How to fine tune TFMT5ForConditionalGeneration for text classification?

Hi, I have a problem in fine-tuning TFMT5ForConditionalGeneration for text classification with Tensorflow ‘2.6.0’ and Transformers ‘4.11.2’.

My task is to classify text sentences to one of the severity levels (‘1’, ‘2’, ‘3’, ‘4’, ‘5’).


df = pd.read_csv(FILE, header=0, dtype=str, sep='\t', encoding='utf-8')
X_train, X_eval, y_train, y_eval = train_test_split(list(df.RPT_CNTS), list(df.RECV_EMG_CD), test_size=TEST_SPLIT)

tokenizer = MT5Tokenizer.from_pretrained("google/mt5-small")
train_inputs = tokenizer(X_train, padding='max_length', truncation=True, max_length=100, return_tensors="tf")
train_labels = tokenizer(y_train, padding='max_length', truncation=True, max_length=2)
labels = train_labels.input_ids
labels = [
           [(label if label != 1 else -100) for label in labels_example] for labels_example in labels
]
train_inputs['labels'] = tf.convert_to_tensor(labels, dtype=tf.int32)

train_dataset = tf.data.Dataset.from_tensor_slices((
    dict(train_inputs),
    tf.convert_to_tensor(labels, dtype=tf.int32)
)).shuffle(10000).batch(128)

class TFT5Classifier(tf.keras.Model):

    def __init__(self, model_name):
        super(TFT5Classifier, self).__init__()
        self.t5 = TFMT5ForConditionalGeneration.from_pretrained(model_name)
        
    def call(self, inputs, attention_mask=None, labels=None, training=False):
        outputs = self.t5(inputs, attention_mask=attention_mask, labels=labels)
        return outputs.logits

model = TFT5Classifier('google/mt5-small')

optimizer = tf.keras.optimizers.Adam(2e-5)
loss = tf.keras.losses.SparseCategoricalCrossentropy(from_logits=True)
metric = tf.keras.metrics.SparseCategoricalAccuracy('accuracy')
model.compile(optimizer=optimizer, loss=loss, metrics=[metric])
history = model.fit(train_dataset, epochs=1, batch_size=128)

However, it does not work as follows:


231/231 [==============================] - 131s 568ms/step - loss: nan - accuracy: 0.0000e+00
{'loss': [nan], 'accuracy': [0.0]}

Would you please help me out?

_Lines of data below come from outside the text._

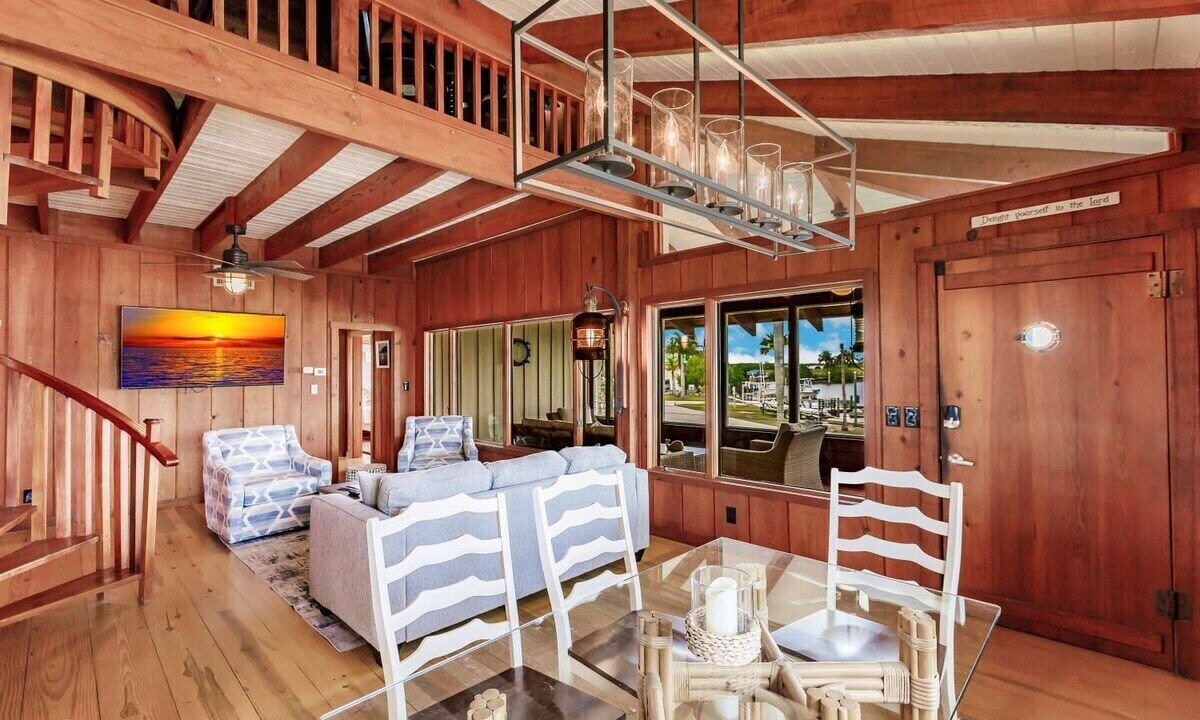Photo of Bedroom in Everglades City
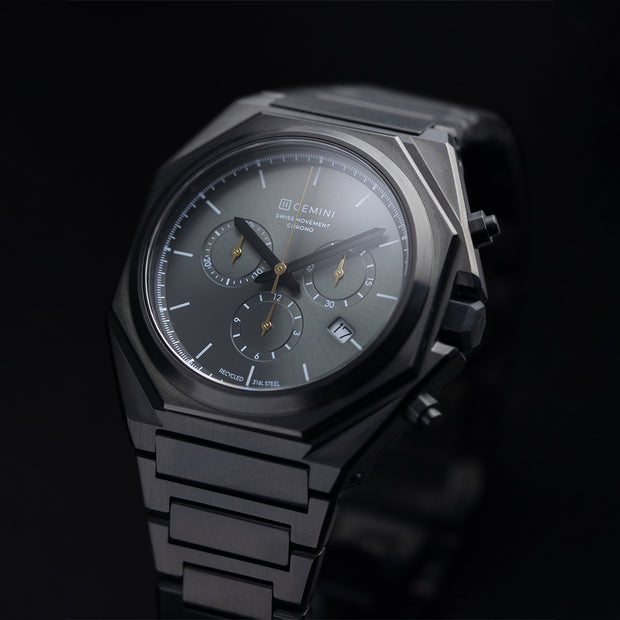 Montre chronographe suisse de 44 mm avec boîtier et bracelet noirs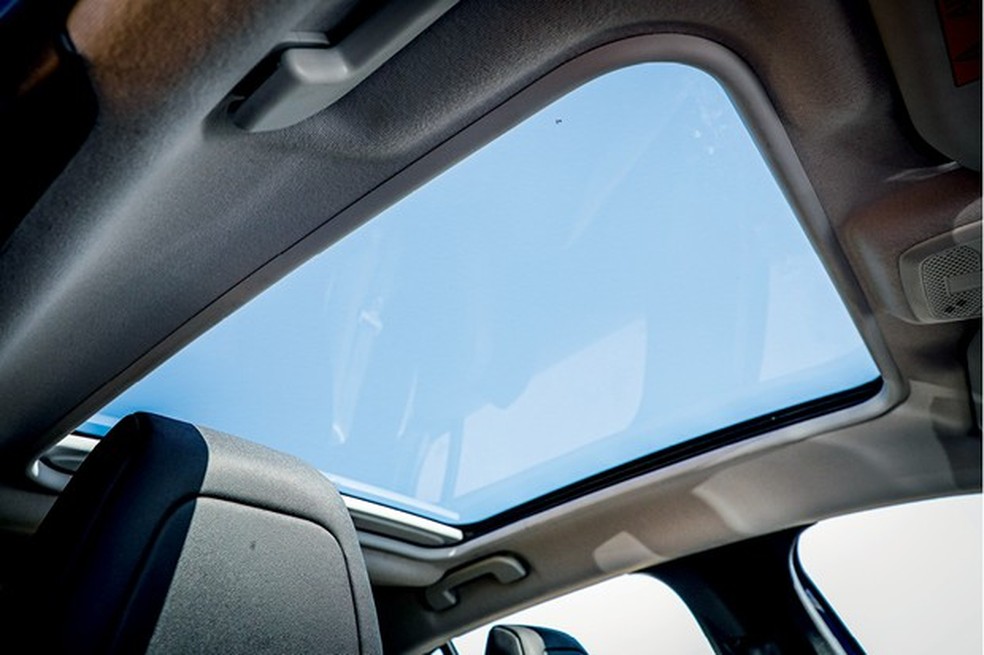 Teto solar de vidro é fixo (Foto: Rafael Munhoz) — Foto: Auto Esporte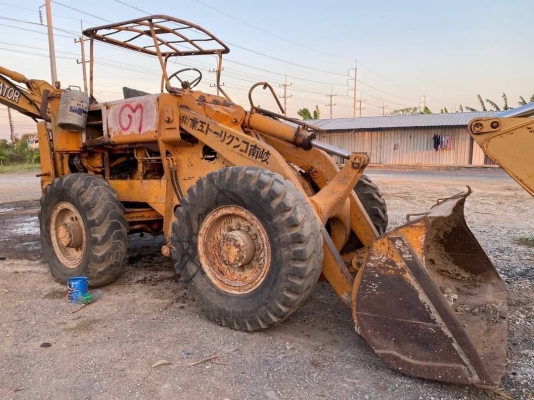 ขาย 159,000 รถตักล้อยาง 2 เพลา KOMATSU JH60 เครื่องดี เกียร์ดี สภาพจอด ติดทำงานได้ สนใจดูรถ ที่ จังห ขาย 159,000 รถตักล้อยาง 2 เพลา KOMATSU JH60 เครื่องดี เกียร์ดี สภาพจอด ติดทำงานได้ สนใจดูรถ ที่ จังห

Thank you!!

1 Like

I have a follow up question to your loss setup. I noticed that you use SparseCategoricalCrossentropy instead of CategoricalCrossentropy. Why would that be the case?

Also I have a proposed solution but I am unsure of the correctness. 1. Use the model’s loss to train the model. 2. Use the generate function to generate outputs, decode the results to a single word and compute accuracy. Of course this has the problem that generation could be out of vocabulary of the label space and hence it makes me worried about the correctness of the approach.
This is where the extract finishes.